Author: Alan Crispin (crispinalan) License: GNU General Public License v3.0 (GPL-3.0)
A 2D physics-based lunar spacecraft descent simulation using SDL3, designed for both educational and experimental purposes. The simulator implements a predictive glide autopilot, inspired by the Apollo Guidance Computer, which performs a high-altitude hazard scan and executes a multi-phase, PD-controlled descent adjusting both throttle and pitch angle
An animated GIF (Graphics Interchange Format) file demonstrating the autopilot landing the lunar module is shown below.
The GIF image file displays a sequence of images in succession to create a short, repeating animation of a lunar landing using the autopilot.
The purpose of the simulator is to model the descent of the Apollo Lunar Module (LEM) under realistic moon gravity taking mass and pitch angle into account. It was the Apollo Guidance Computer (autopilot) that landed men on the moon. Consequently, the focus of the work has been the development of the autopilot. The autopilot performs a predictive site selection and smooth staged descent. The predictive site selection is a high-altitude scan to select a safe landing point in an attempt to imitate the “landing point designator” approach used in the Apollo missions. The descent autopilot is inspired by the Apollo Lunar Module PDI (Powered Descent Initiation) sequence. Stage-dependent target velocities and gains provide smooth transitions between braking, controlled descent, and hover. The result is a mostly stable, repeatable landing sequence. In the simulation both altitude and pitch angle of the landing craft have to be controlled requiring the modelling of both translation and rotational dynamics (2D control).
The simulator has been written in portable C and SDL3 and so can be compiled and run on Linux, macOS, and Windows. The simulator graphics are basic. The lunar module is drawn as a filled rotated rectangle using two triangles. The main and side thruster flames are drawn using triangles. The moon landscape consists of a surface with rectangles representing hazards that have to be avoided.

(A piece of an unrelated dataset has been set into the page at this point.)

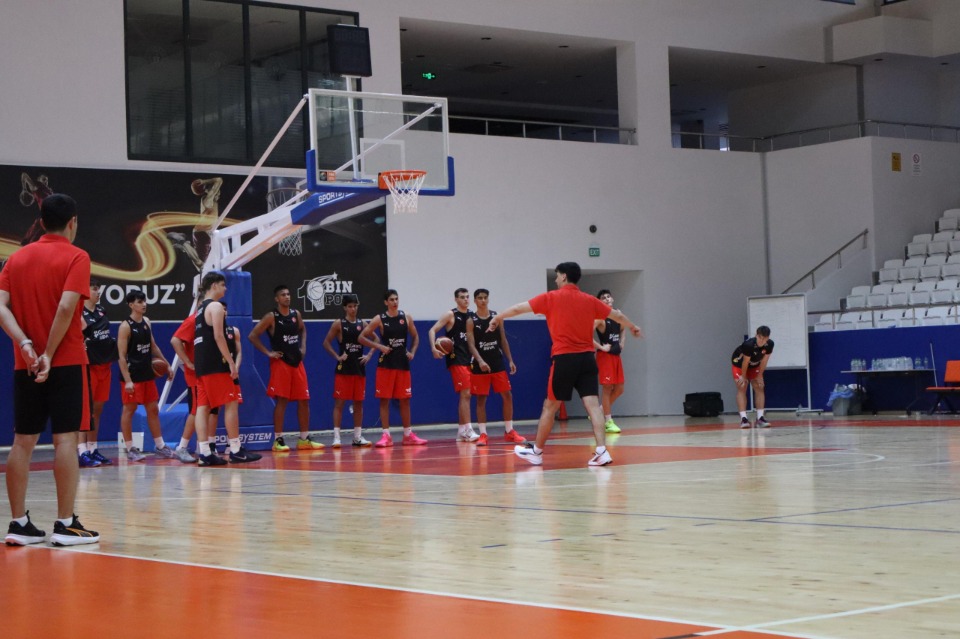 123735_wuciwug_8e798c99_canakkale-u16-e.jpeg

List core features as concise bullet points:
- Physics-accurate translational and rotational motion
- Real-time SDL3 graphics and input
- Autopilot with predictive site selection and staged descent
- Integrated telemetry logging (autopilot_telemetry.csv)
- Configurable tuning parameters for experimentation
Between 1969 and 1972 six NASA Apollo missions (Apollo 11,12,14,15,16 and 17) took astronauts to the moon using the Apollo Lunar Excursion Module or LEM. Each LEM was able to take two of the three man Apollo crew to the moon so that overall 12 men were taken to the surface of the moon. When close to the moon the Apollo spacecraft established an elliptical parking orbit around the moon. The LEM was then uncoupled from the Command & Service Module which remained in moon orbit. The LEM then slowed and moved into an orbit that took it to about 8 miles (13 km) from the moon's surface and then initiated a PDI (Powered Descent Initiation) sequence to descent and land on the moon surface. The simulation attempts to imitate the PDI descent stage of the LEM.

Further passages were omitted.